You will lead and support the migration of ETL jobs and databases from on-premises environments to the AWS Cloud.
Responsibilities
Design, develop, and implement ETL Glue PySpark processes to extract, transform, and load data into AWS data warehouses and data lakes (Redshift, Aurora PostgreSQL).
Automate and orchestrate ETL processes, applications, and APIs across on-premises and cloud environments.
Conduct data analysis and validation to minimize errors, extract insights, and support business decisions.
Provide production support, monitoring, and troubleshooting for ETL processes and data integrity.
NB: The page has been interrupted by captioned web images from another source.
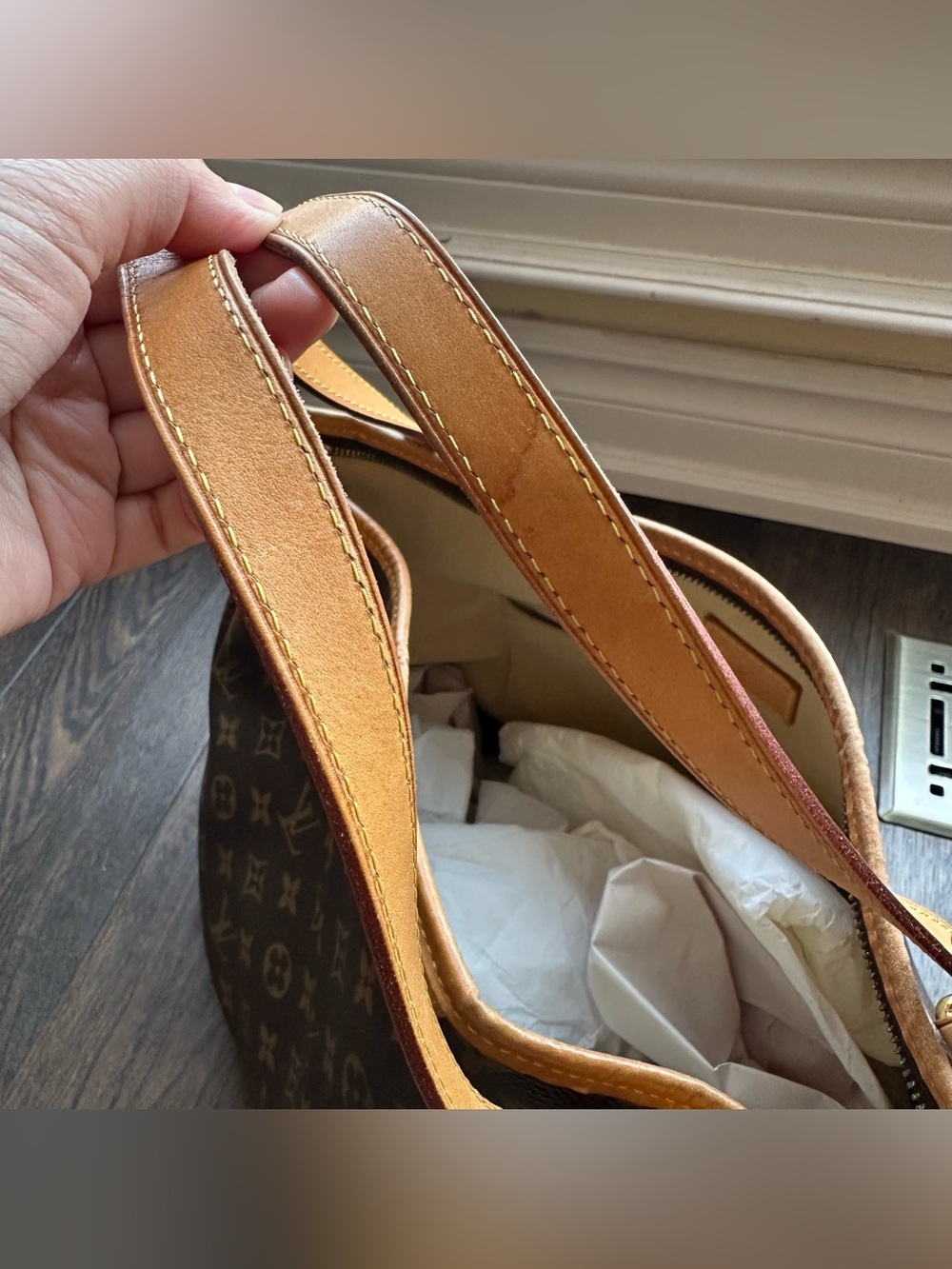 Louis Vuitton Monogram Canvas Estrela MM Bag - Picture 7 of 14
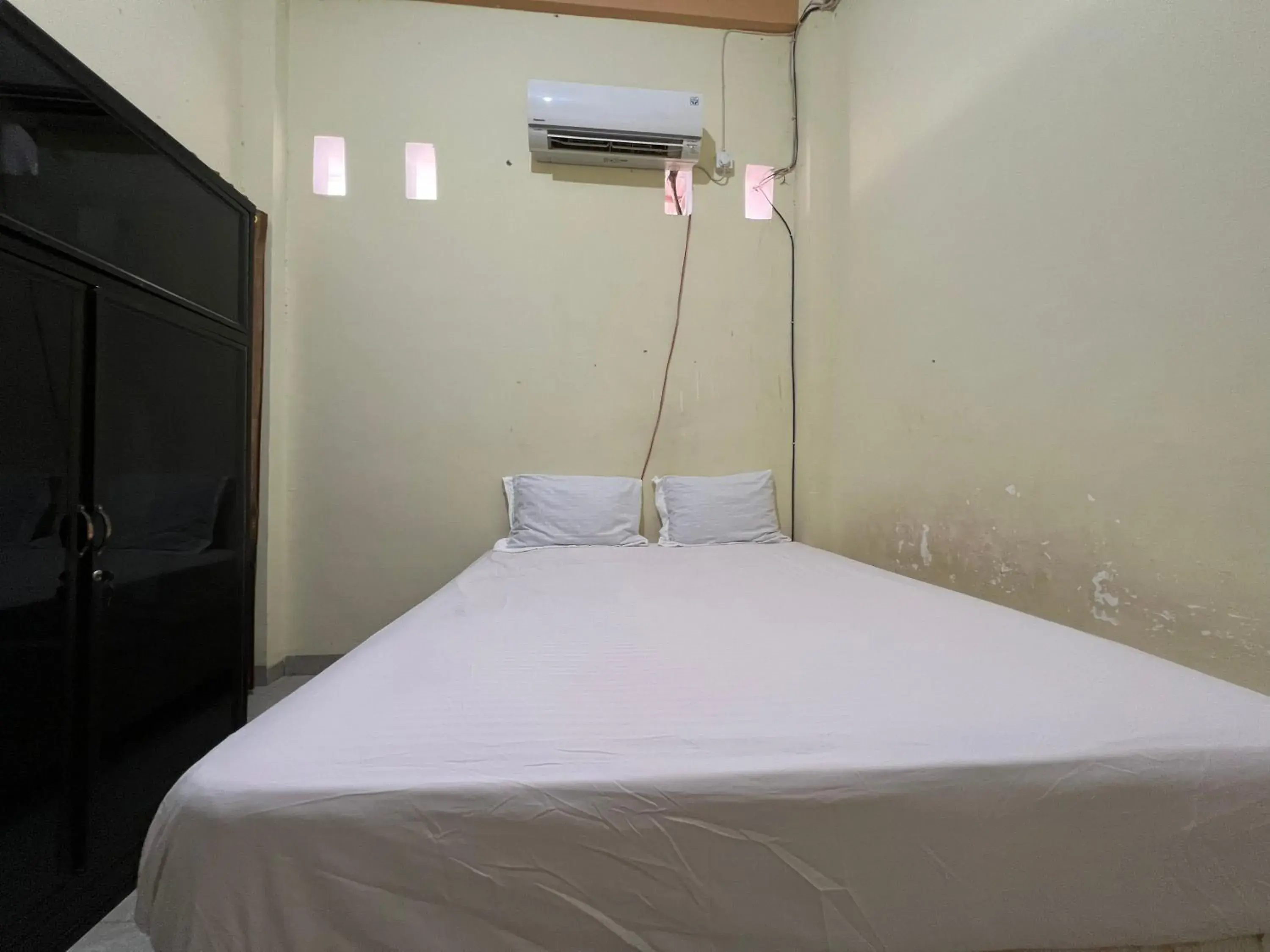 Bedroom, Bed in Hotel O Ziza Kost82 Syariah Bedroom, Bed in Hotel O Ziza Kost82 Syariah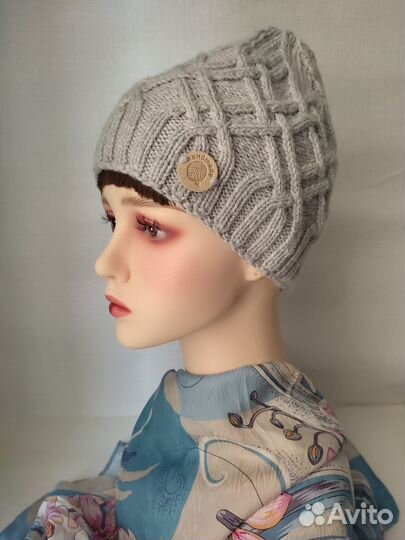 Шапочка Араны ручной работы для женщин и мужчин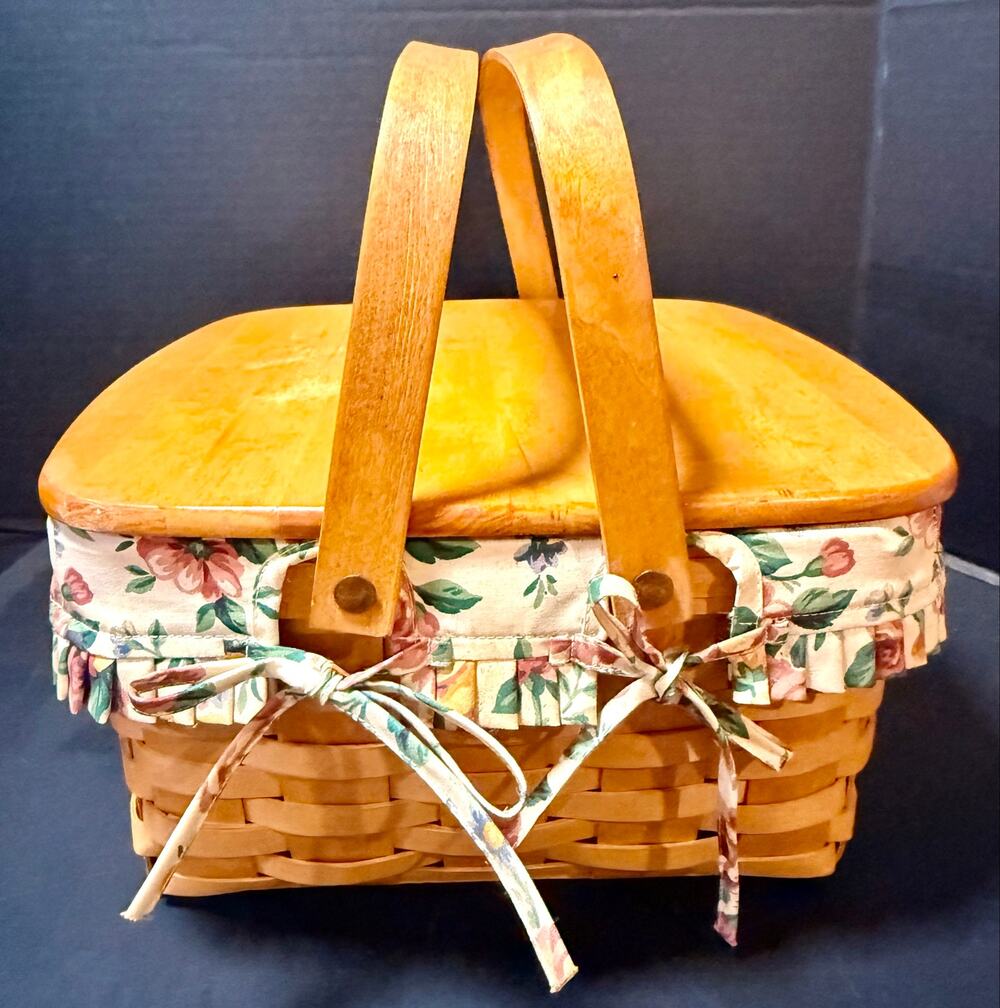 1998 Longaberger Large Picnic Basket garden splendor liner protector wooden lid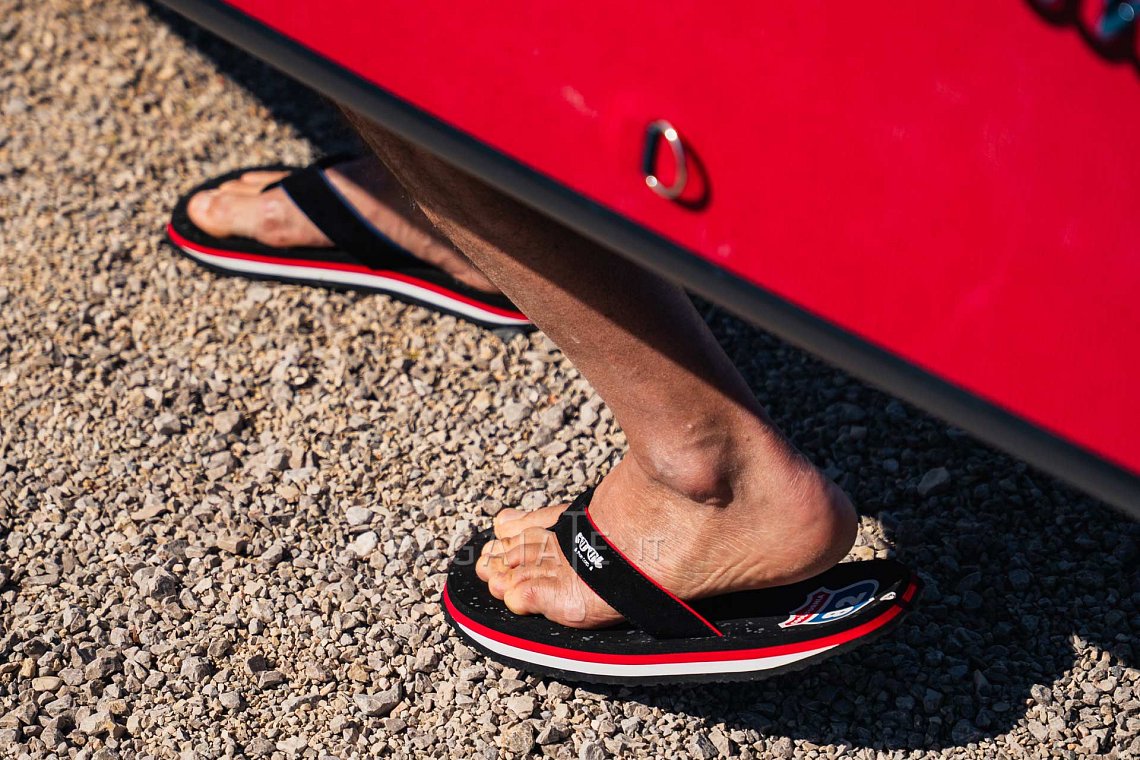 Outfit uomo 1 – bordò – SUP gonfiabili GLADIATOR PRO, lycra, infradito COOL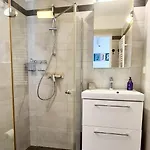 Vue Imprenable Et Piscine Appartement Bandol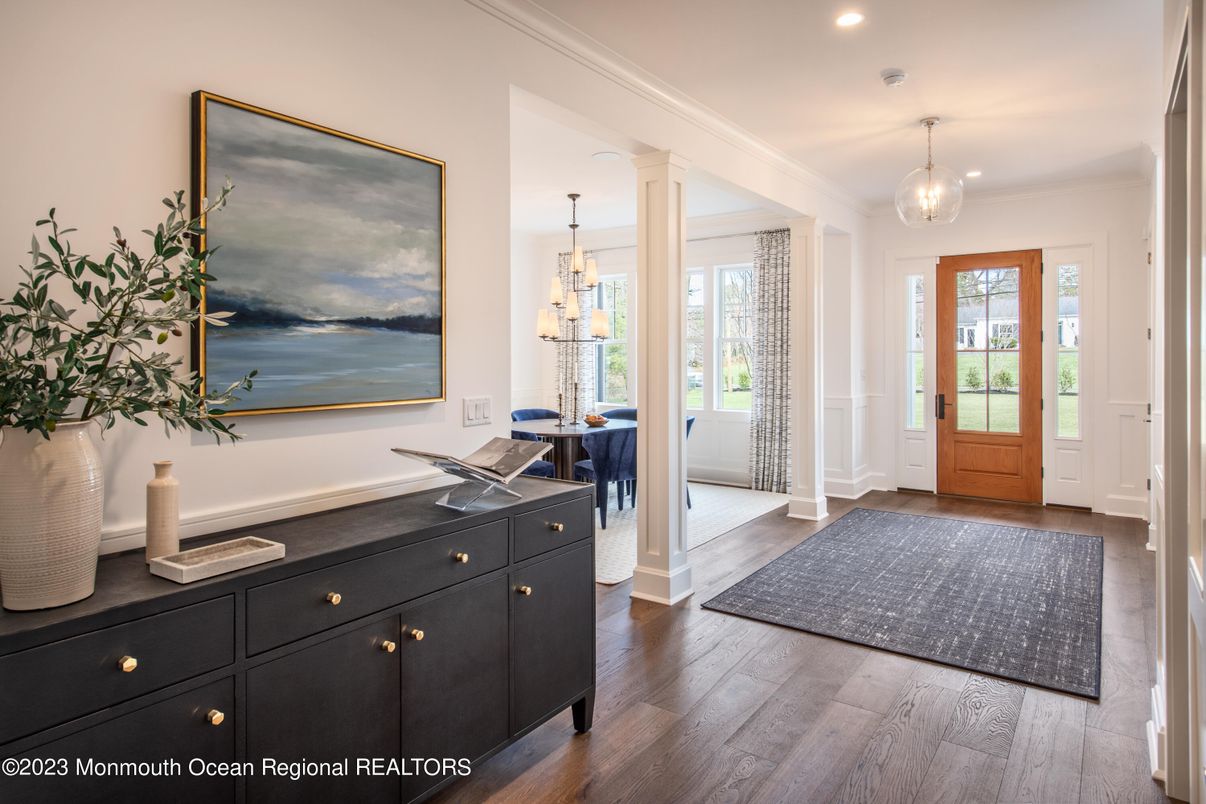 Interior, Pendant Lights, Recessed Lighting, Wood Texture Flooring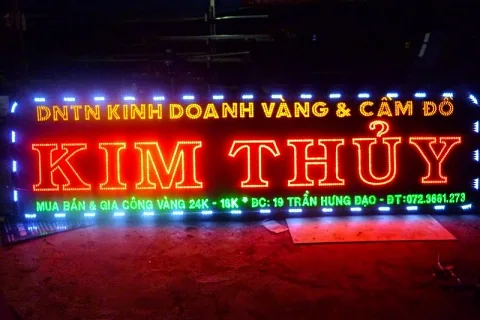 Bảng hiệu đèn Led Tiệm Vàng Kim Thủy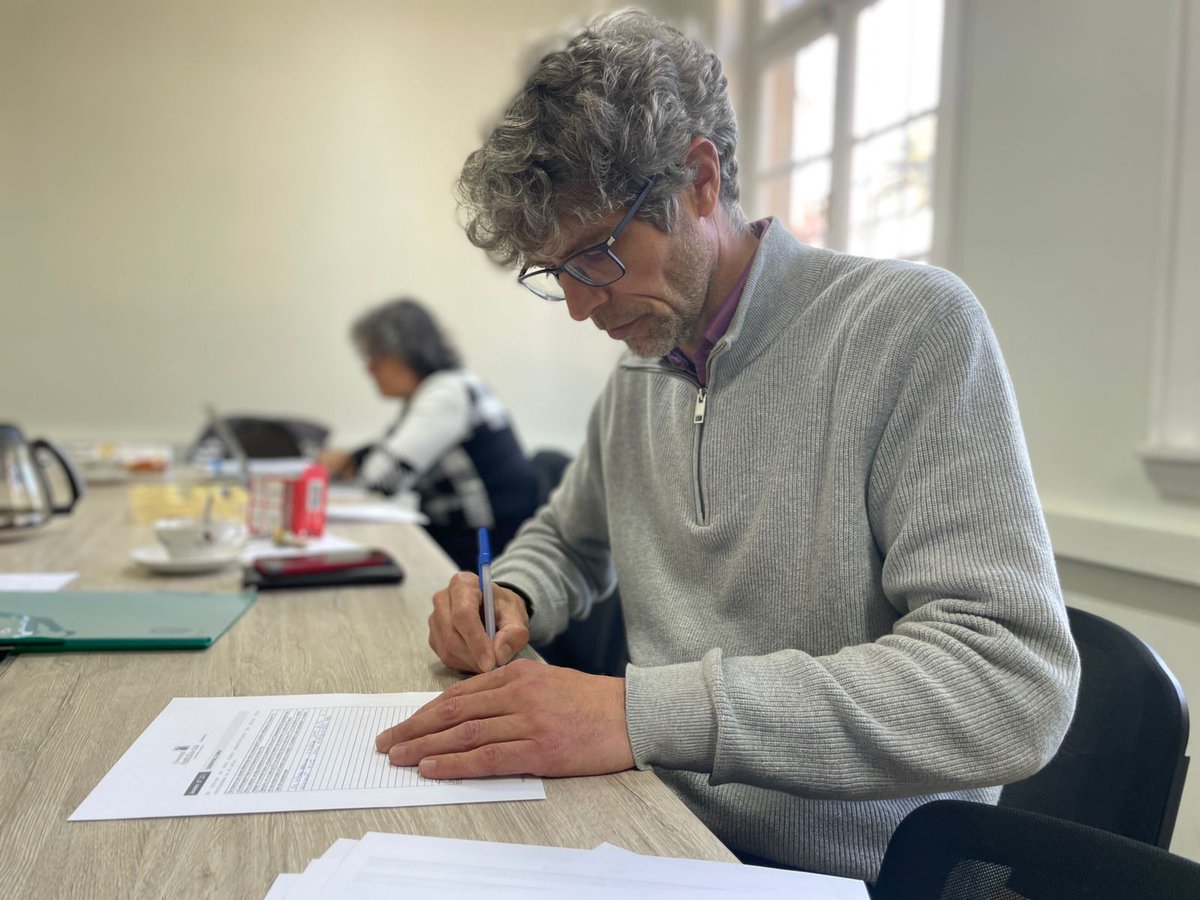 📣 NOTICIA  

Antoine Leuridan, quien actualmente ejerce como Profesional de <a href="/VinculacionUACh/">Vinculación UACh</a>, es el nuevo Director Ejecutivo de la <a href="/OCVorquesta/">orquestavaldivia</a> 

Tanto a él, como a Dominique Thomann, quien asume como directora del @CEAC_UChile, les deseamos lo mejor en estos desafíos laborales.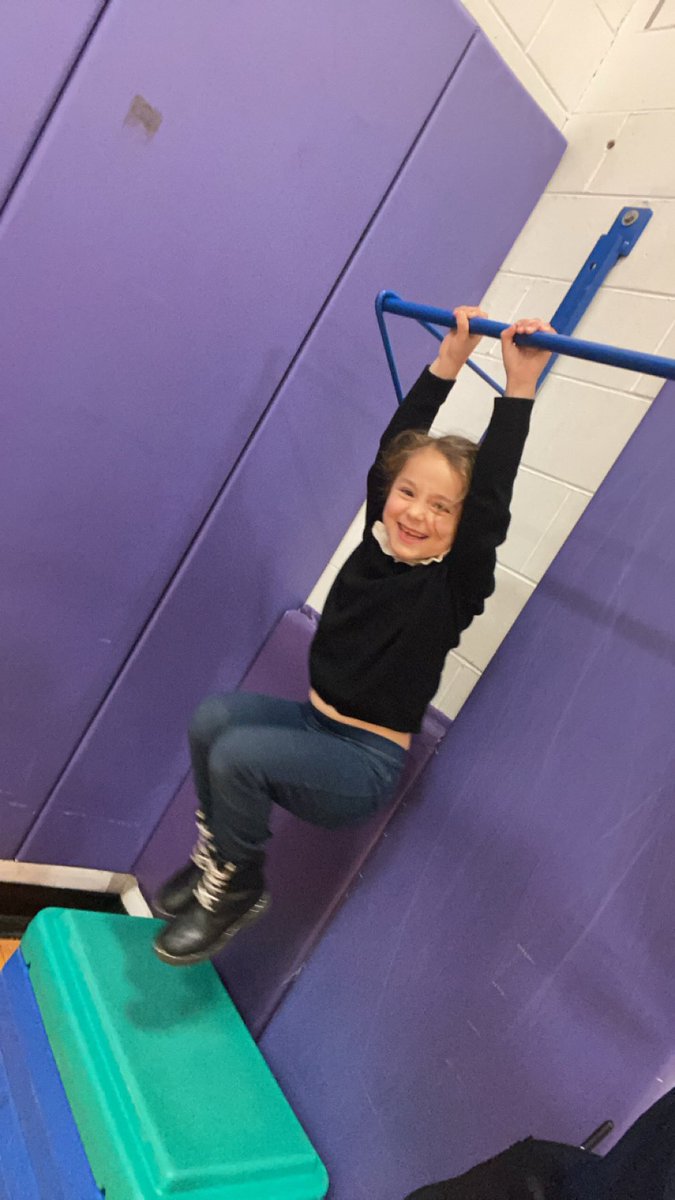 VBatt_PhysEd's tweet photo. Building upper body strength, grip strength and balance through our rock climbing wall and pull-up stations in PE! 🧗 @HamptonBaysES #HBstrong https://t.co/xF0VdZ4hEN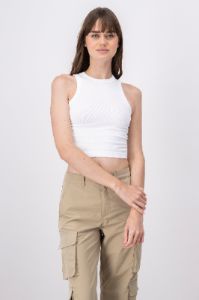 Top liso cuello alto sold by Shasa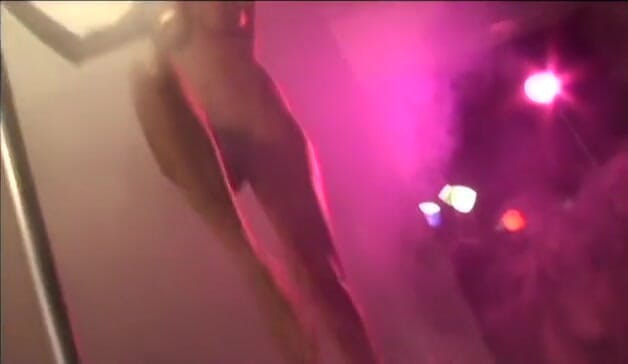 Girl on Girl: Wilde lesbiennes met perfecte ronde tieten likken elkaar om de...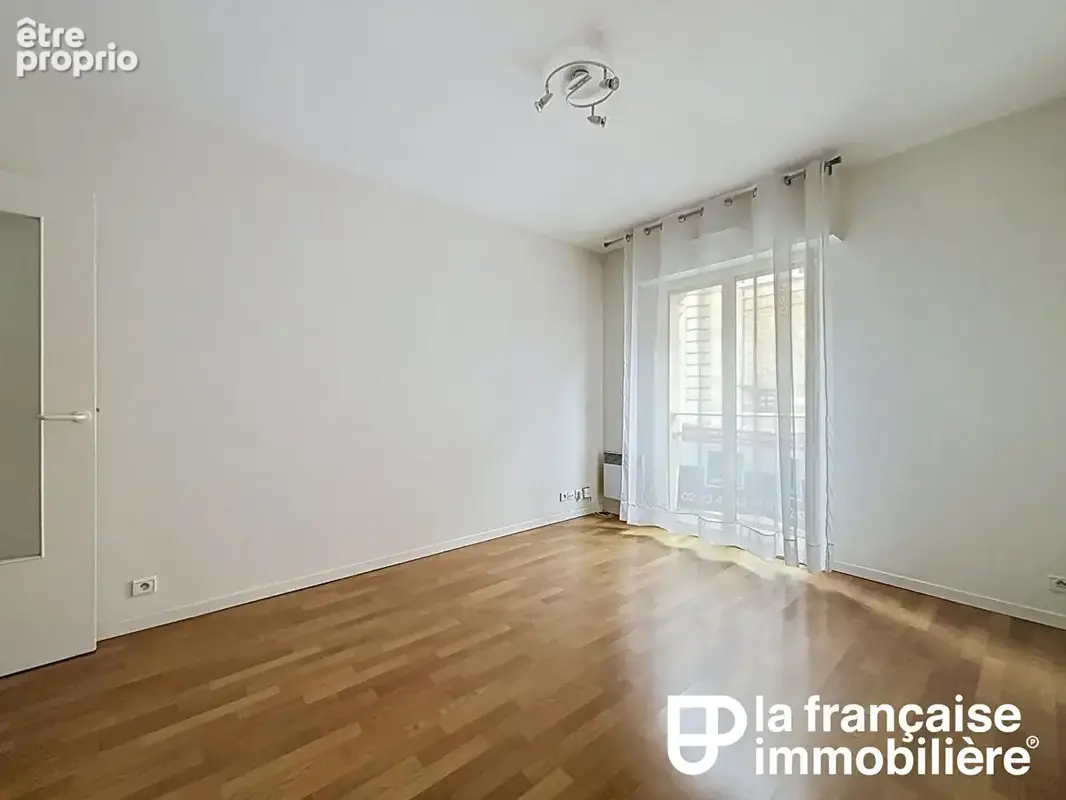 Appartement Rennes - Centre-ville - Les Halles - 2 pièces - 34.33 m² - photo 3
Develop comprehensive documentation covering processes, data mappings, and application code.
Required Skills
8+ years of experience in ETL development, data warehousing, AWS cloud services, and API development.
Expertise in scripting languages, including DataStage or Informatica, Korn Shell, Perl, and Python.
Comprehensive proficiency in AWS services, including AWS Glue, Step Functions, Airflow DAGs, Lambda, S3, and EC2.
Proficiency in SQL with on-premises (DB2 on AIX) and AWS databases (Amazon RDS, Aurora PostgreSQL, Redshift).
Experience developing full-stack applications, including REST and SOAP APIs.
Experience with version control tools like Git or Bitbucket.
Familiarity with implementing Jenkins pipelines and CI/CD Processes.
Demonstrated data analysis/validation skills using Excel, Python, and Tableau.